The big question is: will they make the big prize? At this point, the level of complexity in entering the competition is prohibitive, so perhaps only the existing competitors will continue to try. (This equation might change drastically if the teams open source their existing solutions, including parameter settings.) One fear is that the progress is asymptoting on the wrong side of the 10% threshold. In the first year, the teams progressed through 84.3% of the 10% gap, and in the second year, they progressed through just 64.4% of the remaining gap. While these numbers suggest an asymptote on the wrong side, in the month since the progress prize another 34.0% improvement of the remainder has been achieved. It’s remarkable that it’s too close to call, with just a 0.0035 RMSE gap to win the big prize.

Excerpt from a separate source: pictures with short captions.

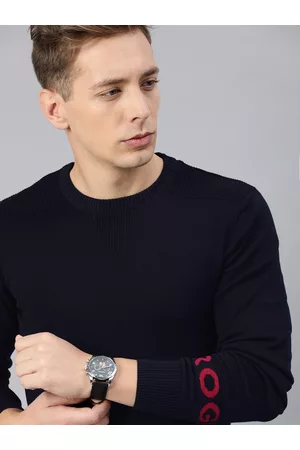 WROGN Men Navy Blue Slim Fit Solid Pullover Sweater with Print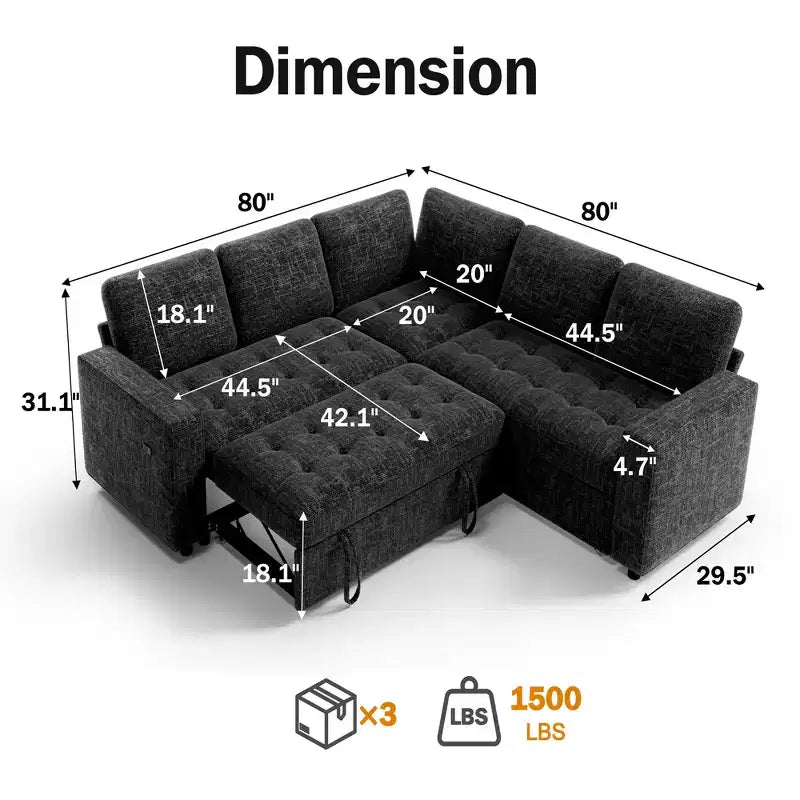 Canapé-lit Dyonery Comfy 78'', canapé-lit d'angle en chenille avec lit gigogne et rangement méridienne pour salon, appartement et bureau, noir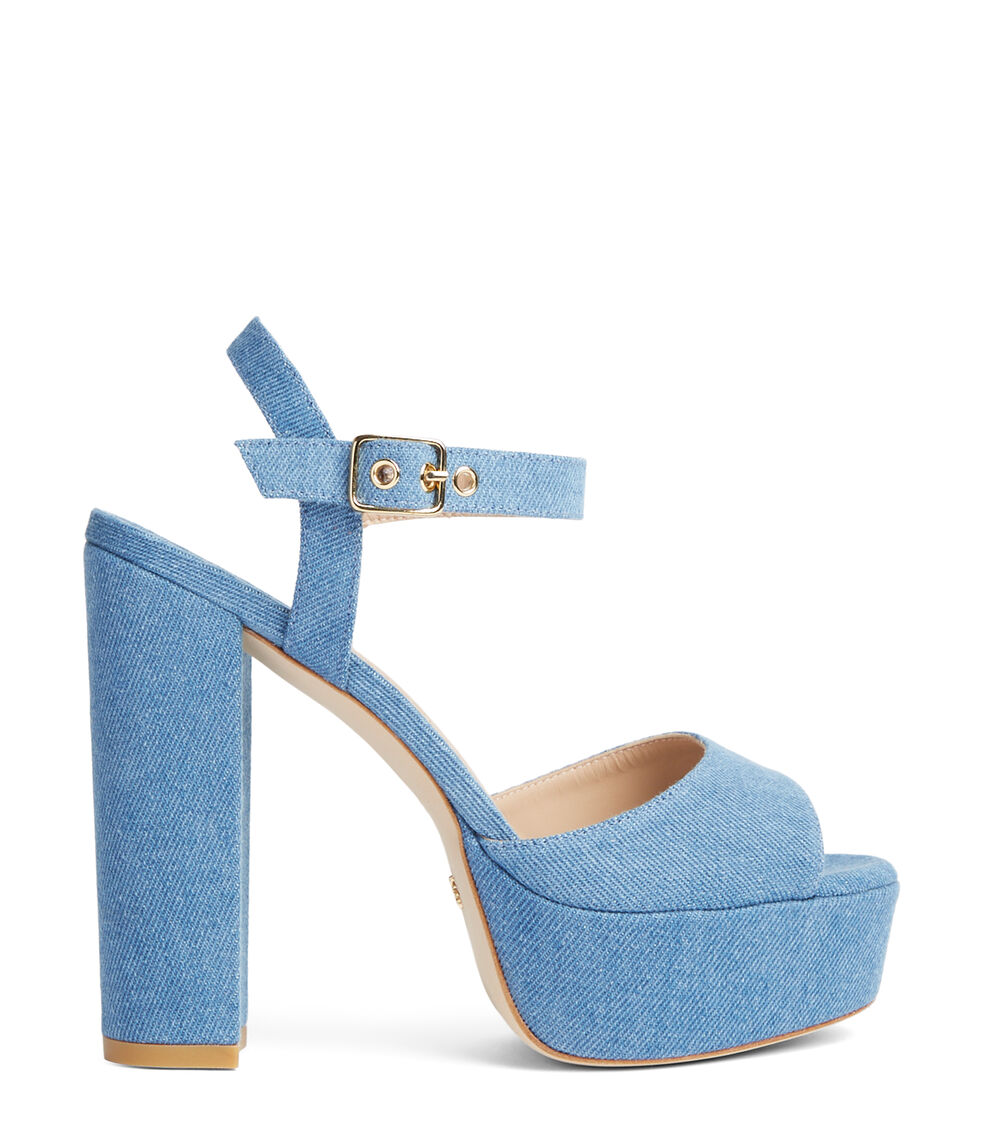 Stuart Weitzman RYDER 95 PLATFORM SANDAL BLU EFFETTO D&Eacute;LAV&Eacute; SE395VDMS9N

Clever people finding just the right parameterization might very well succeed.
Your post is interesting, but I’ve not seen mention of a concern: are people just overfitting at this point?
If they introduce all sorts of knobs and switches, and tune them just right, does that represent true progress, given that Netflix is testing on the same hidden set over and over again?
If your read the rules carefully, you see that the amount of feedback from the most heldout set (i.e. the “test” set rather than the “quiz” set) is extremely low, on the order of a few bits per year. Given this and the size of the set, I don’t think overfitting is an issue.
It sucks that models have gotten so complex so as to bar newcomers from entering into the contest – its such a cool contest for those interested in machine learning. Hopefully some other tech-savy corporation will follow Netflix’s lead and introduce another machine learning contest.
A question we should ask is about the team rankings’ stability: if we had a second holdout sample, what are the odds the team rankings would be preserved? Given that, what might be alternative ways to judge the winner?
That’s a good question—stability is unclear.
Were I designing the contest, I’d use PAC-Bayes theory and exponential weight according to the gap in performance between competitors. See the “Second Main Result” here.
Doesn’t recent machine learning research attach confidence intervals to performance indices? I guess one algorithm would then only beat another if its performance index were higher and both were significantly difference in the statistical sense.